Incus DE experience

Incus is a hypervisor platform that unifies the management of containers and virtual machines. Incus provides general facilities that can be used in useful ways by different consumers of the software.

About twenty years ago when there was interest to have some kernel support for something that would become what we know now as Linux containers. One option was to create some sort of subsystem for Linux containers. The kernel developers were against this, because a dedicated such subsystem is generally complicated, and if the container fad does not work out, then you are stuck in maintaining a whole subsystem. What really happened, and it is good design practice, is to add primitives to the Linux kernel ( namespaces, cgroups, etc) that can be used to build Linux containers. In a way, that subsystem would now be running in user-space.

By following the same design pattern, Incus has the facilities that are required to implement many things, even things not envisioned in the early days. As far as I know, there is nothing fundamental missing on the part of Incus to have a Desktop Environment experience.

There are ways to run individual GUI applications in a system container and get the output on the host’s desktop. In some cases it may not be that seamless, but that’s up to us to figure out what is needed to make it seamless.

There are also ways to run a Desktop Environment in a system container and a virtual machine. The latter is more straightforward, and any performance issues have to do with external-to-Incus matters. In a VM you either use a dedicated GPU, or you use some other software that sends the output to the host’s GPU (Xspice).

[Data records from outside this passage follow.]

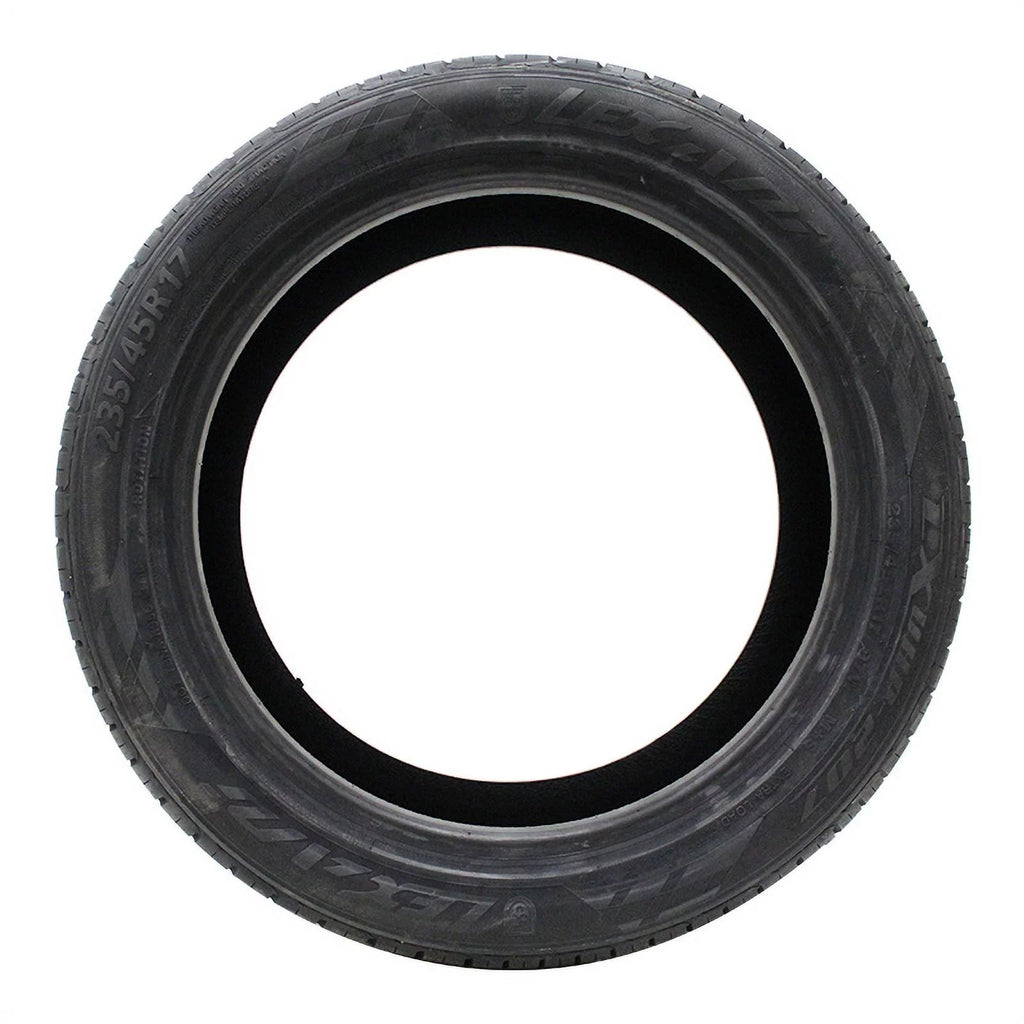 235/45ZR19 99W XL Passenger Tire E538095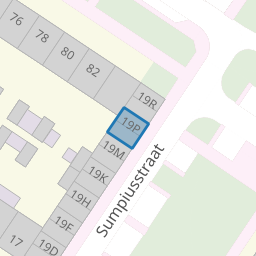 Perceel PMR00-D-7016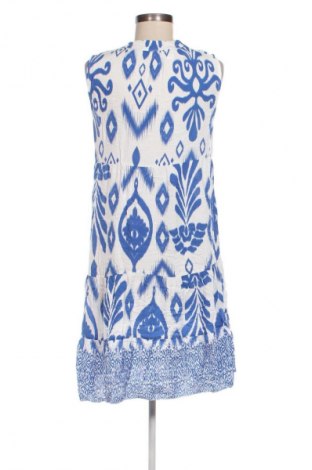 Šaty  NEW COLLECTION, Velikost M, Barva Vícebarevné, Cena  529,00 Kč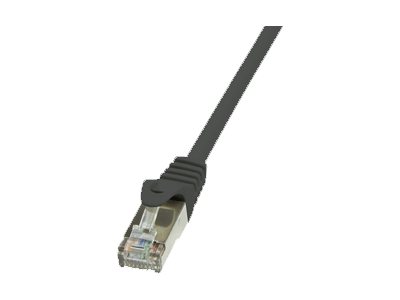 LOGILINK CP1073S LOGILINK Patchcord CAT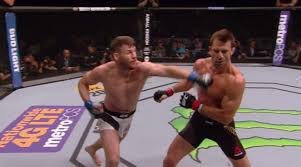 EdwardAB6's tweet photo. @bisping BISPING U SERIOUS U NO DEEP DOWN IN UR HEART THAT THOSE MORNING RUNS/THAT HEAVY SELF DISCIPLINE THAT U FORCED ON2 URSELF AINT JUST2 STAY FIT,MAN BUST A FABER&amp; SWING BACK42 BIG FIGHTS/ TRILOGY WITH ROCKHOLD,HIS CHINS GONE NOW &amp; MAKE THE OTHER WIDEMAN, THOSE R UR BEST BETS https://t.co/sthT72i79t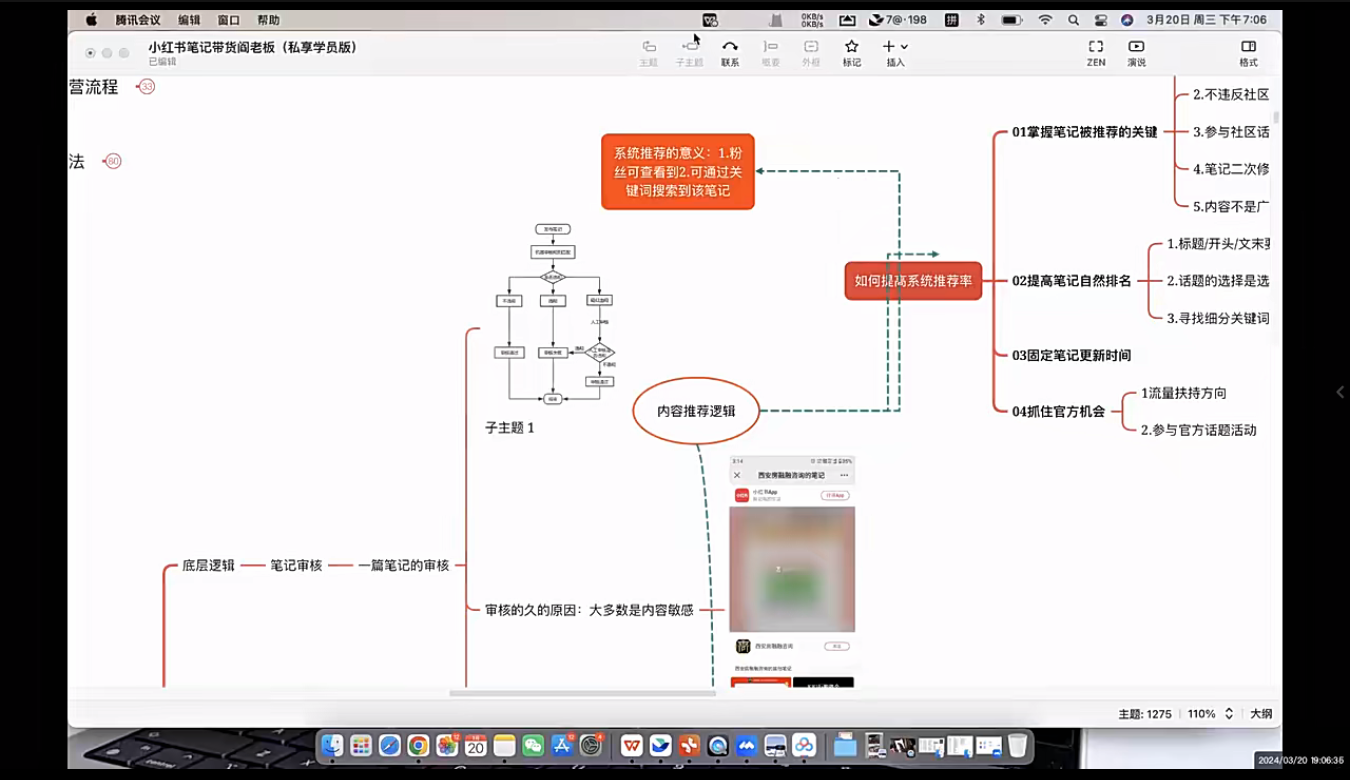 陶金金·2024小红书文创(第三期)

Running a Desktop Environment in a system container looks promising to me. @tarruda wrote the tutorial and I got it working in Incus. The Linux distribution runtimes that are used to generate the system container images, use stock packages. Those packages do not work as is, when they are running inside a system container. They require tiny changes that have not been upstreamed yet. If those changes get upstreamed, then it would be possible to use stock container images to launch desktop environments. Failing that, it’s just an issue of creating another Incus remote that will have such ready-made container images (created manually).